Ogień płonął w drugim kurniku w Kosinach Starych. Pierwszy taki obiekt palił się wczoraj.
Dziś 2 maja 2020 kilka minut przed 6.00 rano do mławskiej straży wpłynęło zgłoszenie o pożarze drugiego kurnika w Kosinach.
Tak jak wczoraj nie było w nim kurczaków, a cały obiekt był zaściółkowany i przygotowany do obsadzenia kurczętami. Na miejsce zadysponowano 2 zastępy PSP i 6 zastępów OSP. Strażacy zastali płonącą ściółkę i silnie zadymiony obiekt. W wyniku podjętych działań ogień udało się zatrzymać zanim dostał się pomiędzy warstwy ocieplenia dachu. Spaleniu uległa połowa ściółki i wyposażenia kurnika. Pod wpływem wysokiej temperatury stopieniu uległo 3/4 wyposażenia kurnik.
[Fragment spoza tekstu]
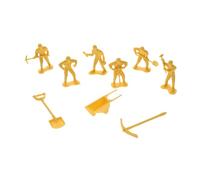 HEALSOPTHY 4 Set di ingegneria figurine operaie giocattoli in cantiere giocattolo figurine per gioca figure di persone per costruire giocattoli plastica Giallo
Wartość uratowanego mienia określono na kwot 5 mln zł. Strażacy ustalili, że nikt postronny nie ucierpiał.
Wczoraj 1 maja palił się, licząc od bramy wjazdowej na fermę, 3 kurnik, dziś 6. Według informacji uzyskanej od pracowników fermy prawdopodobną przyczyną pożaru była awaria nagrzewnicy gazowej.
Kury tanie. Produkcja przewyższa koszty kurczaka.
Kury tanie. Produkcja przewyższa koszty kurczaka.
nie zadna dziwna sprawa,poprostu ubezpiecznie pokryje straty iewentualne zyski.
Nic z tym dziwnego bo po przygotowaniu rozścieleniu słomy muszą wszystko suszyć i nagrzewnice chodzą pełną parą i wystarczy odrobina słomy która wpadnie
przez nagrzewnice i płonie
Raz może się zdarzyć, ale nie non stop to samo.
Co nie mają na to sposobu? – nie dostaliby odszkodowania a karę od razu by znaleźli sposób na to żeby się nie zapalało.
Po co ktoś ma podpalić w miarę nowy kurnik który da mu w ciagu roku zarobek rzędu pół miliona
A może to w ramach ćwiczeń?
Coronakryzys
Tak bardzo dziwna sprawa. Poprzedni był pusty. ten był pusty.
To cuchnie na kilometry…, tym bardziej, że ze zbyt coś nie halo.
Jednemu dowalili karę, drugiemu, to trzeci kurnik już by się nie zapalił.